Une fois le thème central posé, l’auteur s’attaque au traitement détaillé du sujet. Le chapitre 2, qui traite des deux institutions de Bretton-Woods, dresse un état des lieux et passe en revue les projets de réforme dont elles font l’objet. Les trois chapitres suivants examinent la dimension commerciale des relations internationales ; à savoir les fondements des relations commerciales (chap. 3), le rôle du commerce dans le développement (chap. 4) et les difficultés autour des négociations de Doha (chap. 5). Pour l’auteur, l’absence de progrès dans les négociations menées au sein de l’omc semble avoir incité la plupart des pays de l’ocde ainsi que de nombreux pays émergents à engager ou à mener à terme des négociations pour conclure des accords commerciaux régionaux. Le chapitre 6 analyse ce régionalisme qui s’inscrit au sein du débat qui consiste à s’interroger sur la question de savoir si celui-ci est un complément ou un substitut au multilatéralisme.

Le chapitre 7 passe en revue les propositions visant à promouvoir le développement des pays pauvres qui ont été formulées en l’an 2000 à l’initiative du Conseil de développement du millénaire de l’onu et réitérées en 2005 dans le Rapport du développement du millénaire. Pour l’auteur, malgré l’enthousiasme de départ, l’avenir serait plutôt incertain. Le chapitre 8 examine les prédictions relatives aux désastres environnementaux dans le monde et tente d’apporter des précisions au concept de « développement durable » utilisé souvent dans les débats.

Les deux derniers chapitres examinent les liens entre l’évolution économique et le système onusien. Dans le chapitre 9, au regard des perspectives pessimistes tant sur le plan économique que sur le plan politique, l’auteur se demande si le système mondial serait sous le coup d’une menace sérieuse. Le chapitre final, en revenant sur le thème central de l’ouvrage, s’interroge sur les significations des analyses précédentes vis-à-vis de l’économie politique internationale dans les années à venir. Selon David Robertson, il n’est pas encore trop tard pour éviter l’effondrement du système, à condition que les gouvernements reviennent aux principes du libre-échange. Par exemple, l’adoption de ceux-ci par les pays développés, y compris et surtout pour les produits agricoles et les produits manufacturés intensifs en main-d’oeuvre, rendrait inutile le recours au système de préférences commerciales accordées aux pays en voie de développement.

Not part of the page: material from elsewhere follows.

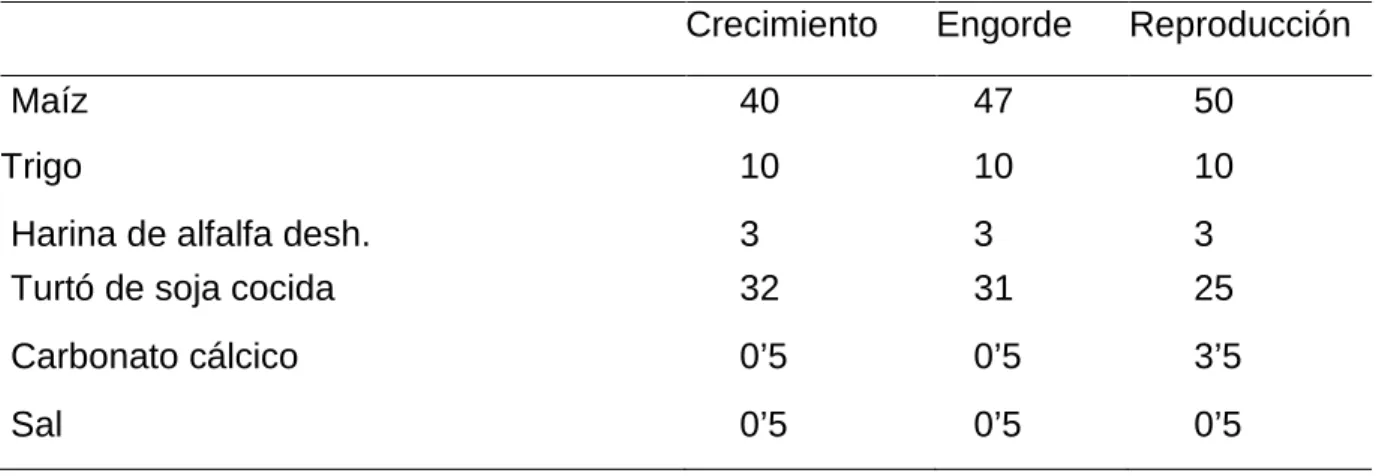 Cuadro 3.  COMPOSICIÓN DE RACIONES SEGÚN EL TIPO DE RACIÓN.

Dans cet ouvrage qui s’appuie sur une connaissance approfondie des institutions internationales, ainsi que sur une masse impressionnante d’informations sur les vicissitudes des relations internationales, le lecteur trouvera une analyse percutante de l’économie internationale. L’auteur n’hésite pas à affronter, sans détour, les détracteurs du libre-échange, pour dénoncer les intérêts particuliers. En procédant à un examen de plusieurs relations économiques internationales qui intègre les questions politiques, environnementales et sociales, David Robertson livre une analyse des forces « anti-globalisation » originale qui ouvre des perspectives nouvelles à ceux qui s’intéressent aux questions relatives à la mondialisation et aux problèmes de gouvernance qui en découlent.